Les échantillons présentent une grande hétérogénéité lithologique correspondant globalement à un mélange en proportion variable entre une composante détritique et une composante biogénique (siliceuse ou carbonatée). De plus, au niveau du site 144, des niveaux très riches en matière organique (black shales) datant du Cénomanien supérieur au Santonien (~ 95 à 84 Ma) ont été forés. Ces formations correspondent à l’enregistrement des Oceanic Anoxic Events 2 et 3. Nous avons montré que la « dilution » variable de la fraction détritique par la composante biogénique est le facteur qui contrôle largement les variations de concentrations en éléments traces observées. De plus, nous avons révélé un enrichissement en U extrêmement important au sein des black shales du site 144. Les signatures isotopiques de l’Hf, du Nd et du Pb sont dominées par la composante détritique, alors que celle du Sr, dans le cas d’échantillons riches en carbonates est dominée par celle de l’eau de mer. Les sédiments des trois sites présentent des compositions isotopiques du Pb fortement radiogéniques par rapports aux sédiments océaniques « classiques », que nous avons associées à une forte contribution de matériel issu de l’altération des cratons guyanais et brésilien dans la composante détritique. De plus, la décroissance radioactive de l’U dans les black shales du site 144 a généré des rapports 206-207Pb/204Pb extrêmement radiogéniques.

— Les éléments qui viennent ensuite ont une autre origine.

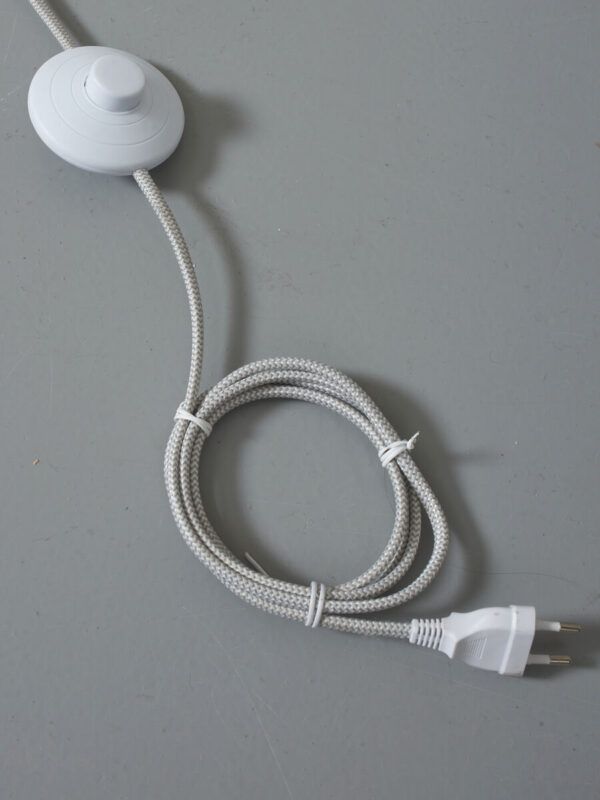Witte retro metalen vloerlamp It's About RoMi Havana - Image 7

Un mélange entre le manteau appauvri et les sédiments du site 543 reproduit les compositions isotopiques des laves de la partie nord de l’arc. Pour la partie sud de l’arc un mélange entre les sédiments les plus radiogéniques en Pb du site 144 et le manteau appauvri explique les compositions des laves des îles de la Martinique à Grenade. Une contribution croissante des black shales du nord vers le sud est nécessaire, et est de plus en accord avec l’augmentation du nord vers le sud de l’âge du plancher océanique subduit. Enfin, quelques sédiments de l’île de la Barbade présentent certaines caractéristiques compatibles avec leur implication dans la genèse des laves de la partie sud de l’arc.